**Required action:** Return exactly the run of lines that begins at the line containing "317 - Hornby" and ends at the last line of the material below; pictures stay out.

**Exercise materials:**
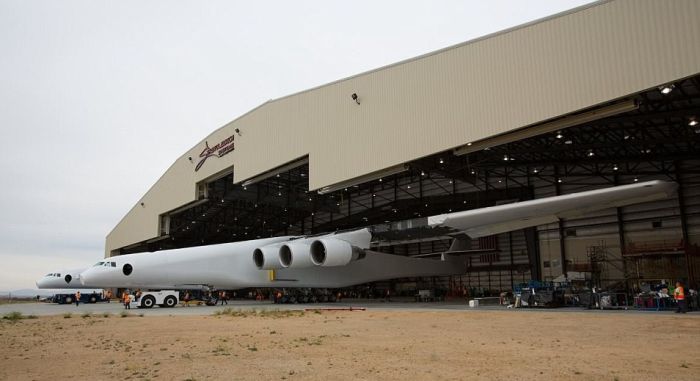          Stratolaunch (10 )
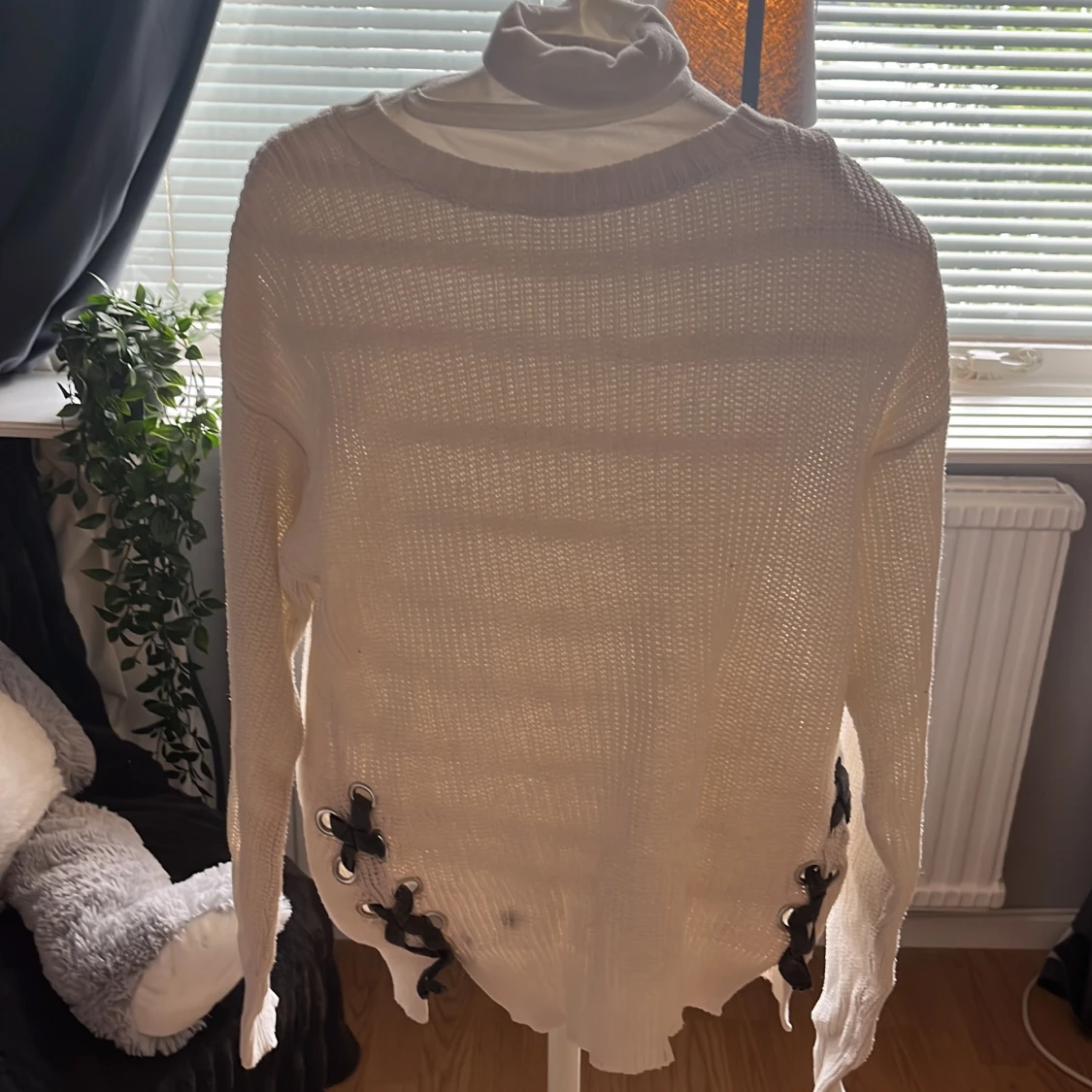 Vitt stickad tröja  - 91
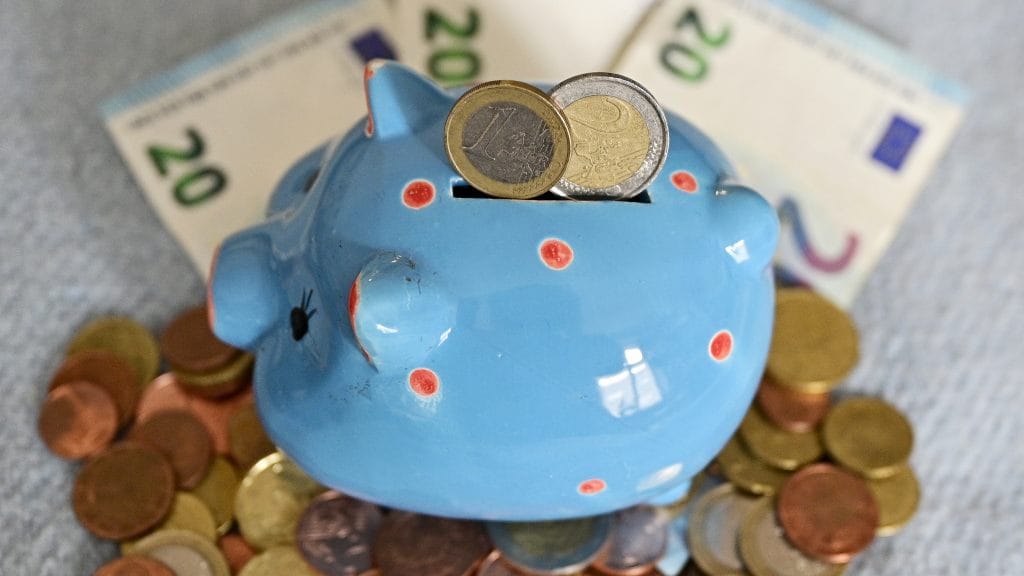 СМИ Австрии: инфляция оставляет меньше денег для сбережений
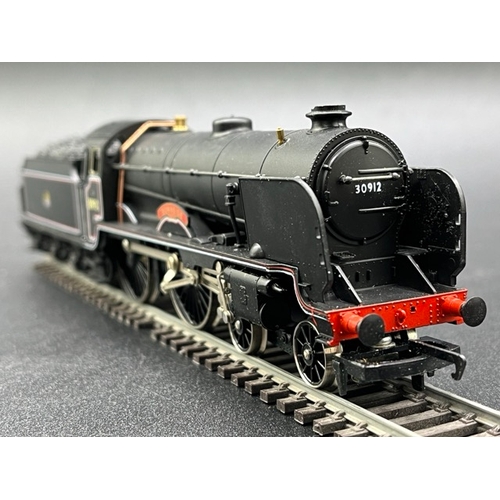 317 - Hornby R2079 Class V Schools 4-4-0 30912 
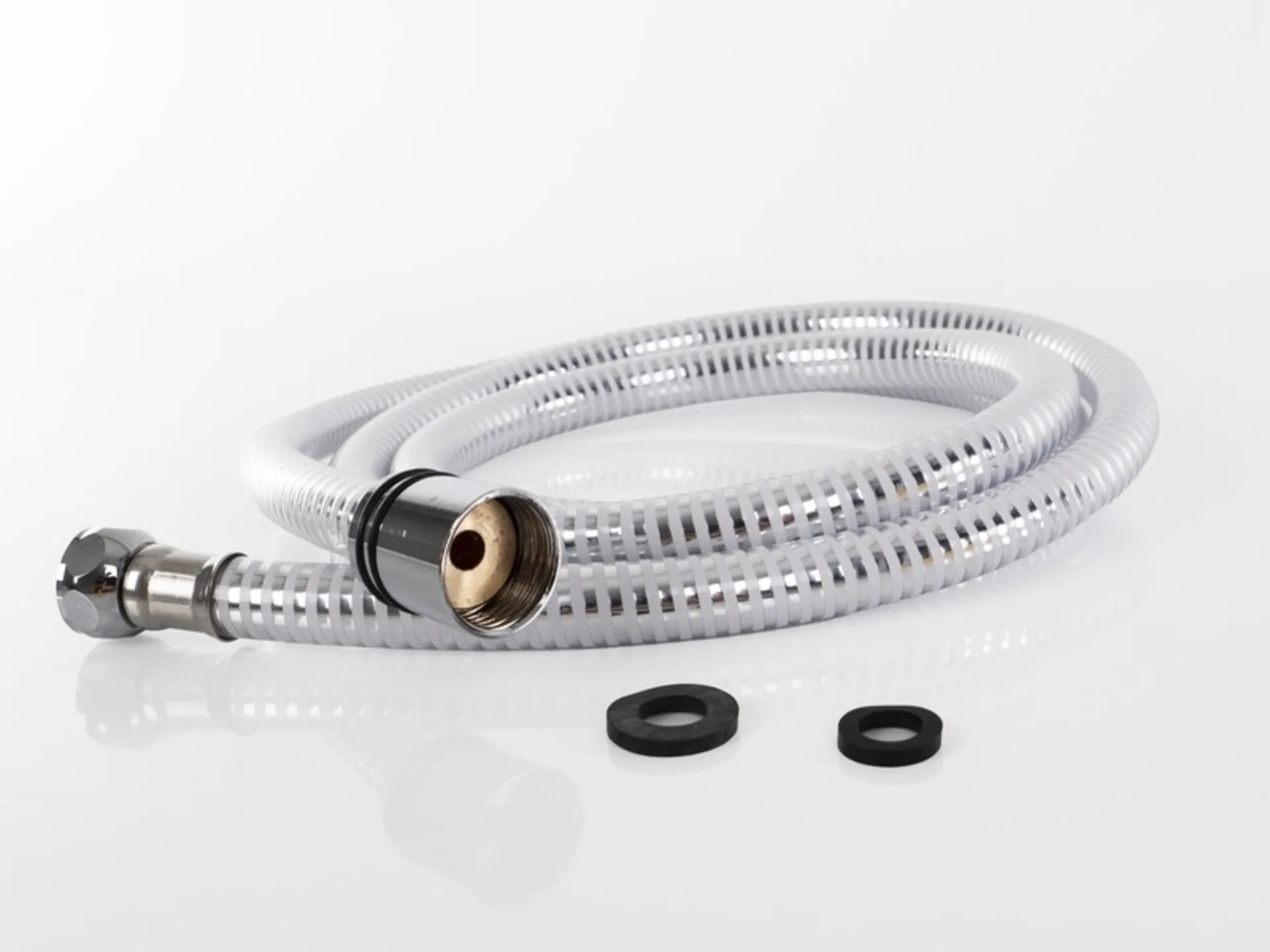 Tuyau de douche blanc de 1.6 m de long, raccords 3/8 pouces et 1/2 pouces Tuyau de douche blanc de 1.6 m de long, raccords 3/8 pouces et 1/2 pouces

**Result:**
 317 - Hornby R2079 Class V Schools 4-4-0 30912 
 Tuyau de douche blanc de 1.6 m de long, raccords 3/8 pouces et 1/2 pouces Tuyau de douche blanc de 1.6 m de long, raccords 3/8 pouces et 1/2 pouces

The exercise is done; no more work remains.